One of Webb’s sons, Darel Webb, recalled a warning given to the household as they left an appointment their father had with wound specialists: A health care provider introduced up Christopher Reeve, the actor who performed Superman in films within the Nineteen Seventies and Nineteen Eighties.

“He goes, ‘Remember, Superman was paralyzed from falling off the horse, but he died from a bedsore,’” he mentioned.

Jordan Rau has been writing about hospital security since 2008. Irena Hwang is a New York Times knowledge reporter who makes use of computational instruments to uncover hidden tales and illuminate the information.

METHODOLOGY

To study the medical rehabilitation hospital business, we obtained and analyzed a database of inspection experiences of freestanding rehabilitation hospitals from the federal Centers for Medicare & Medicaid Services, or CMS. We additionally obtained inspection experiences from a number of states by means of public information requests.

We analyzed inpatient rehabilitation facility traits and affected person quantity knowledge contained in hospital knowledge information from the Rand Corp., a nonprofit analysis group. This dataset compiles value experiences all hospitals submit every year to CMS. For every facility for the years 2012 to 2023, we categorized annual discharges by facility sort (freestanding rehabilitation hospital or unit inside an acute care hospital); facility possession standing (for-profit, nonprofit, or authorities); and which hospitals had been owned by Encompass Health beneath its present or prior identify, HealthSouth.
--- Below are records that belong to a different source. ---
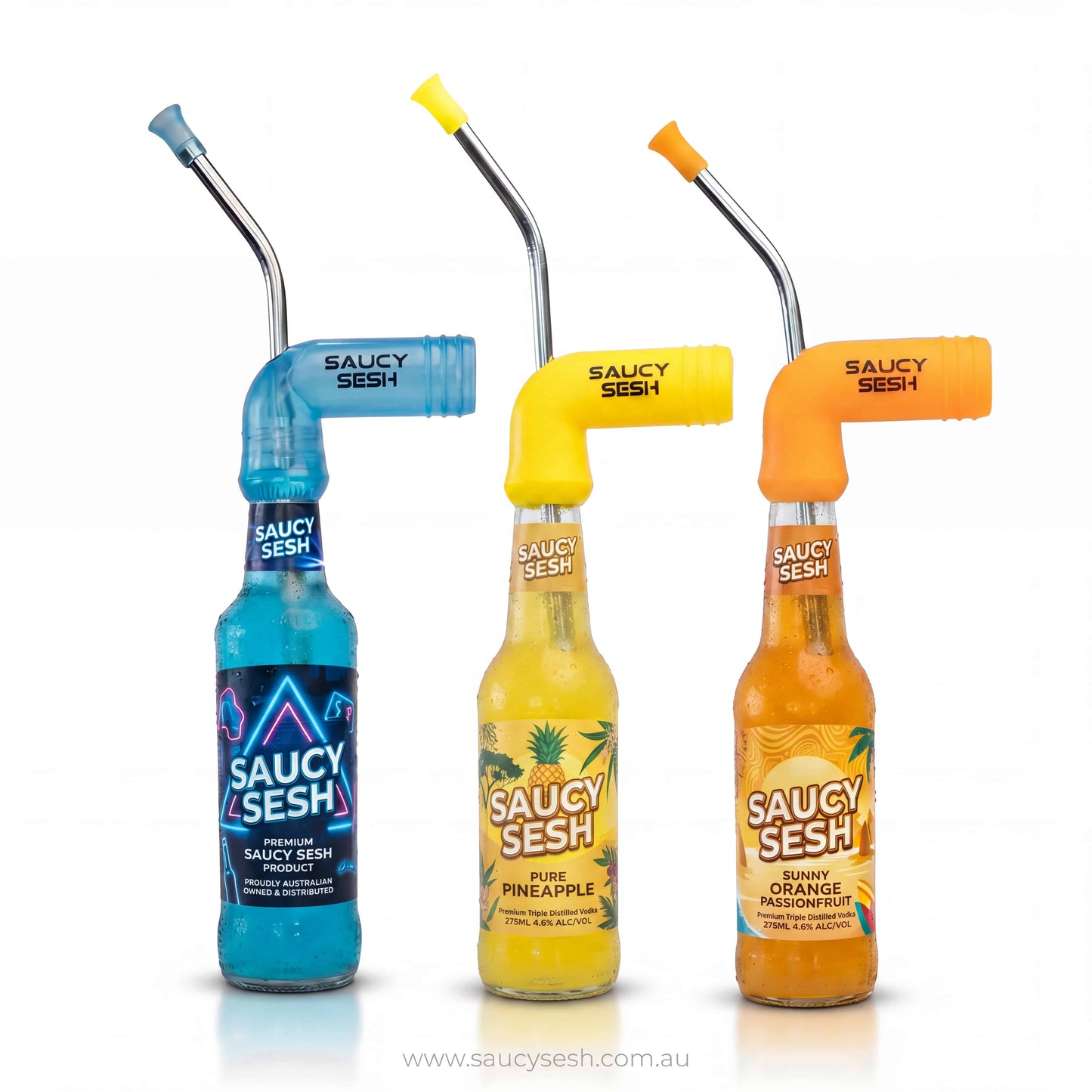Saucy Sesh OG Beer Snorkel - 3 Pack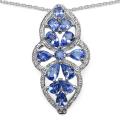 Malaika Sterling Silver 2ct TGW Tanzanite Necklace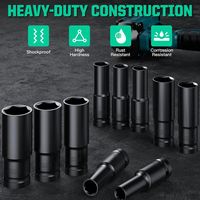 1/2" Drive Impact Socket Set | 10, 15 & 20 Piece CR-V Metric Sets Carousel 4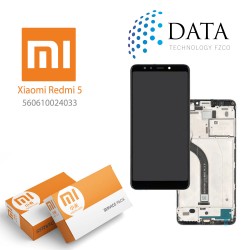 Xiaomi Redmi 5 Plus -LCD Display + Touch Screen Black (Service Pack) 560610023033 OR 560610032033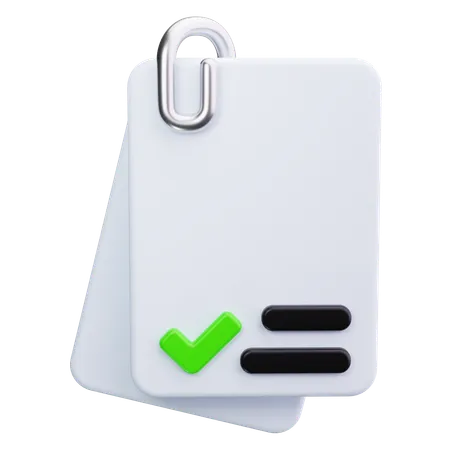 書類確認  3D Icon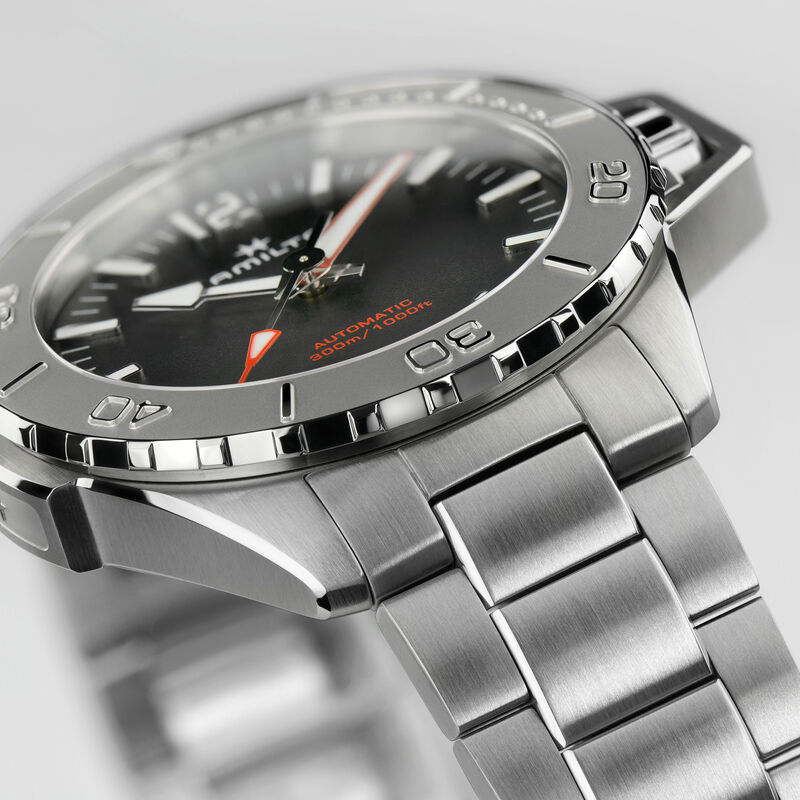 Hamilton Khaki Navy Frogman Auto Black Dial Watch, 46mm image number 3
Financial details about Encompass Health was obtained from the corporate’s Securities and Exchange Commission disclosure filings.

We examined the readmission charges for all inpatient rehabilitation amenities that CMS publishes in its high quality knowledge. CMS evaluates the frequency with which Medicare sufferers had been readmitted for probably preventable causes to an acute care hospital throughout their rehab keep. Separately, CMS additionally evaluates the frequency of probably preventable readmissions to an acute care hospital inside 30 days of discharge from rehab. We additionally examined the speed of profitable return to residence or group. Figures for all three metrics had been obtainable for about 1,100 of the roughly 1,200 rehab amenities within the CMS knowledge. The most up-to-date readmission knowledge coated Medicare discharges from October 2021 by means of September 2023.

We examined nursing residence penalties from the final three years from CMS’ knowledge on nursing properties.